Avoid the Risks of Surgical Smoke in Theatre

What is surgical smoke?
Laser and electrocautery devices used during surgery produce smoky emissions that may contain vapours and particulate aerosols, which can have a chemical and biological impact on those exposed.

Who is at risk?
Theatre staff, who inhale surgical smoke on a regular basis, and patients.

What is in smoke plume?
Acetontrile, Acetylene, Acrolein, Alkybenzene, Benzene, Bioaerosols, Blood fragments, Butene and Carbon Monoxide.

There is increasing evidence that smoke plume in theatres generated by the use of laser, sonic or ultrasonic devices can be hazardous for theatre staff. The evidence suggests that smoke plume created by using these devices can contain toxic chemicals, carbonised tissue, blood particles, viral DNA particles, bacteria and carbon dioxide.

Without adequate protection surgical teams are at risk of inhaling the small particles and gases created during surgical procedures. The unpleasant odour of surgical smoke plume is evidence of the harmful contents of the smoke. The smell is a combination of chemical by-products when using laser or electro-surgical instruments. Theatre staff often report smelling unpleasant odours during surgery.

Fact – If you can smell it, you are breathing it in. Serious risks associated with surgical smoke include: Hepatitis B, HIV, Carcinoma, Emphysema, Asthma, Pulmonary congestion and chronic bronchitis.

Experts have said:
• “Although some viruses do not aerosolise efficiently, others do, along with bacteria” (Sehulster LM 2004).
• “Blood contained in aerosols could expose surgeons to HIV & Hepatitis” (Bureau of National Affairs, Inc study).
• “Laryngeal papillomatosis with human papillomavirus DNAcontracted by laser surgeon” (Hallmo & O Naess).
• “Human papillomavirus that cause genital warts seem to have a predilection for infecting the upper airway mucosa and laser plume containing these viruses may represent more of a hazard to the surgeon” (Hugh M Gloster Jr MD, 1995).
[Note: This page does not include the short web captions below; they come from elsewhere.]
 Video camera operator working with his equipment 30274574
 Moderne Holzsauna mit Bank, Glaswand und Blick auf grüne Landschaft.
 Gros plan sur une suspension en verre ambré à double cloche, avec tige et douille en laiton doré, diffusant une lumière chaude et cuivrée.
How to help to combat the risks associated with Surgical Smoke?
Firstly, it’s important to note that surgical face masks are ineffective against surgical smoke plume. This is supported by the MHRA:
“Masks, including special laser surgical masks, are not recommended for use as a primary method of filtration: these protective Masks may not be sufficiently effective as the primary method of smoke plume filtration. They may not create an effective seal around the face” (MHRA-DB 2008 (03) April 2008.

Secondly, surgical smoke extractors are also not always effective at protecting you in theatre.
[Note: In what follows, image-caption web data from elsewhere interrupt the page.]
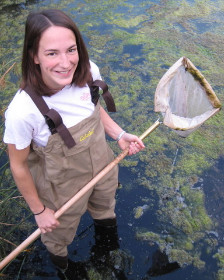 Image of Sara Paull standing in water with waders and with a net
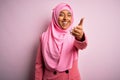 Young African American afro woman wearing muslim hijab over isolated pink background smiling friendly offering handshake as Royalty Free Stock Photo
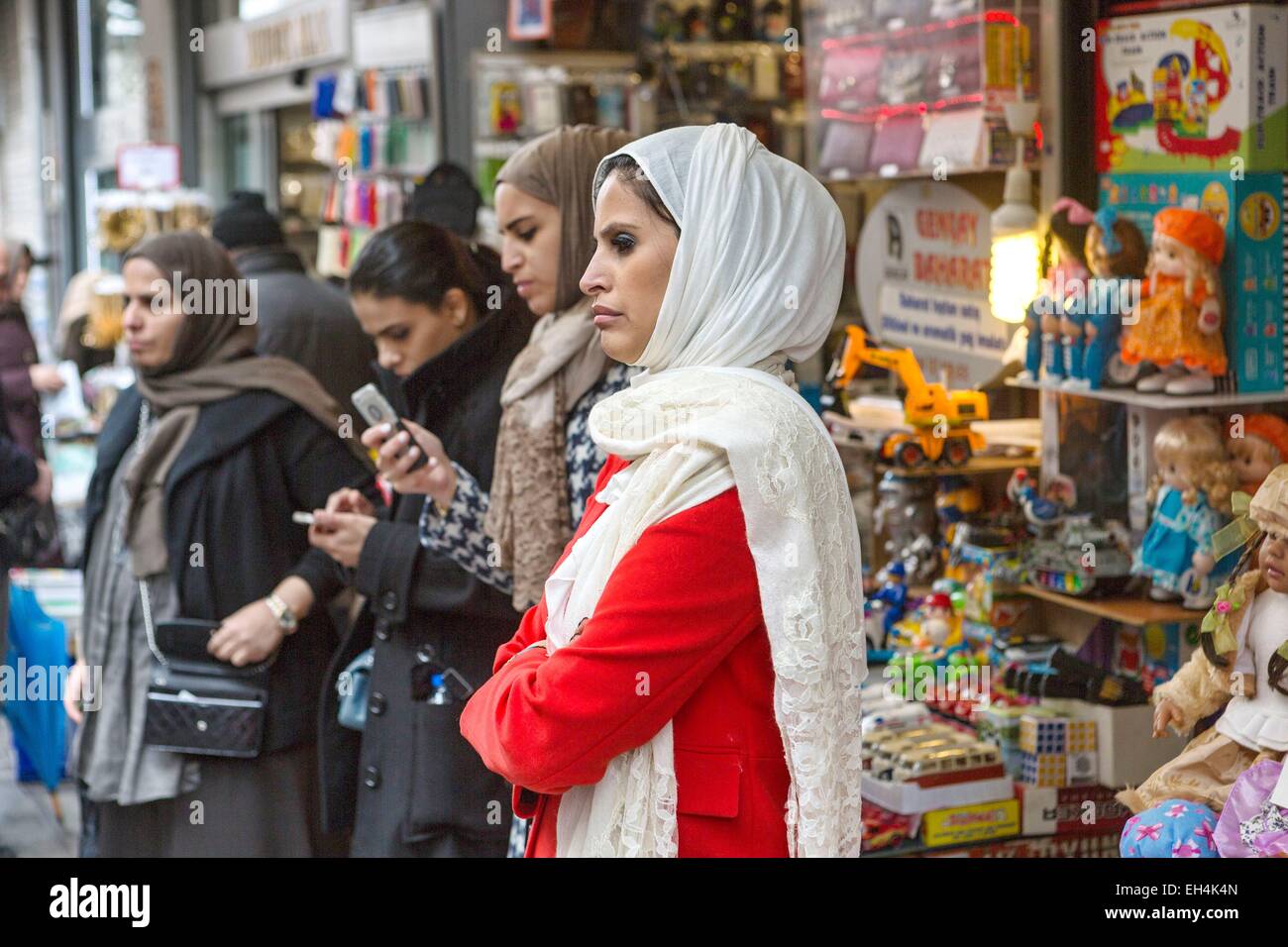 Turkey, Istanbul, historical centre listed as World Heritage by UNESCO, Sultanahmet District, the Egyptian Bazaar (Misir Carsisi), also called the spice market, young Turkish women in front of a toy store Stock Photo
In order to combat surgical smoke plume effectively it is recommended to use an FFP3 Respirator for all clinical staff working with laser and electrocautery devices in theatres.

The respirator meets the requirements of EN149:2001 and protects against fine toxic dusts, fumes, oil-based mists/aerosols and airborne pathogens. Protection against non-toxic and low to average toxicity solid and liquid aerosols.